The key insight: no single testing technique catches all defect classes. Architecture tests catch structural violations. Property-based tests catch computation bugs. Mutation testing measures whether tests would actually catch a bug. Contract tests verify cross-service correctness. Each layer compensates for the blind spots of the others.
Layer Diagram
┌──────────────────────────────────────────────────────────┐
│ Code Change (PR / Commit) │
└──────────────┬───────────────────────────────────────────┘
│
▼
┌──────────────────────────────────────────────────────────┐
│ LAYER 0: Architecture Testing (<10s) │
│ ArchUnit rules. Deterministic. Zero AI dependency. │
│ Layer boundaries, banned APIs, naming conventions. │
└──────────────┬───────────────────────────────────────────┘
│
▼
┌──────────────────────────────────────────────────────────┐
│ LAYER 1: Property-Based Testing (~2s) │
│ jqwik properties. 1000+ generated inputs/property. │
│ Computation correctness. Breaks circular test problem. │
└──────────────┬───────────────────────────────────────────┘
│
▼
┌──────────────────────────────────────────────────────────┐
│ LAYER 2: Mutation Testing (~5 min) │
│ PIT + AI-augmented mutants. Mutation score as the │
│ true measure of test effectiveness. Kill the mutants. │
└──────────────┬───────────────────────────────────────────┘
│
▼
┌──────────────────────────────────────────────────────────┐
│ LAYER 3: Contract Testing (~10 min) │
│ Pact consumer-driven contracts. Cross-service API │
│ compatibility. No full integration env required. │
└──────────────┬───────────────────────────────────────────┘
│
▼
┌──────────────────────────────────────────────────────────┐
│ DASHBOARD: Quality Intelligence │
│ Mutation score trends, TORS, defect escape rate, │
│ flake rate, per-layer health. CI feedback loop. │
└──────────────────────────────────────────────────────────┘Layer Summary
| Layer | Type | Time | Defect Class | Purpose |
|---|---|---|---|---|
| L0 | Deterministic | <10s | Structural | Enforce architecture constraints: layer boundaries, banned APIs, naming, dependency rules |
| L1 | Generative | ~2s | Computation | Property-based testing with 1000+ inputs.
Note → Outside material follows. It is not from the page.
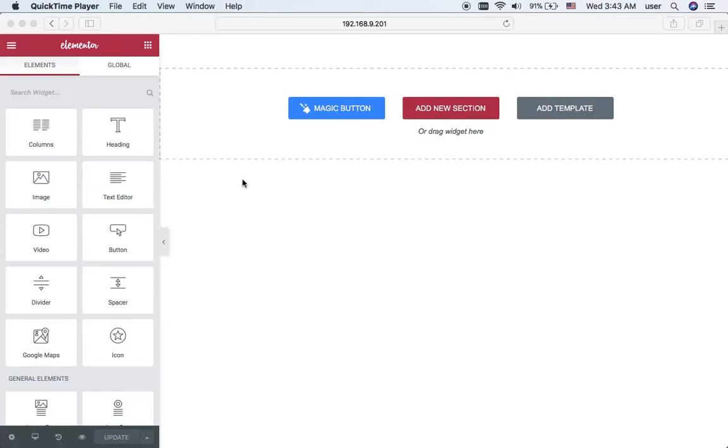From this video we are going to show how to build a page using the pre-styled sections. To do it we are going to use our new magic button. Okay, let's start.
Catch logic errors, rounding bugs, edge cases |
| L2 | Evaluative | ~5 min | Test quality | Mutation testing. Measure whether tests would actually catch a bug if one existed |
| L3 | Contractual | ~10 min | Integration | Consumer-driven contracts. Verify API compatibility across services without E2E environments |
Key Design Decisions
Why Layers
Each layer catches a fundamentally different class of defect. Architecture tests catch structural violations (controller calling repository directly). Property-based tests catch computation bugs (wrong rounding mode on VAT calculation). Mutation testing catches weak tests (tests that pass regardless of code correctness). Contract tests catch integration breaks (provider changed the API shape).
No single layer covers all four. Running all four layers costs less than one production incident.
💡 Defect class coverage
In our controlled experiment, ArchUnit (L0) caught 10/10 structural violations that compiled successfully. Property-based testing (L1) found 2 computation bugs that 90% line coverage and 16 hand-written tests missed. These are orthogonal defect classes: running one does not reduce the need for the other.
Deterministic Backstop
Layer 0 (ArchUnit) is immune to AI regression. It requires no AI model, no LLM call, no network access. The rules are deterministic Java code that runs in the test suite. Even if every AI model degrades, hallucinates, or becomes unavailable, L0 continues to enforce architecture constraints.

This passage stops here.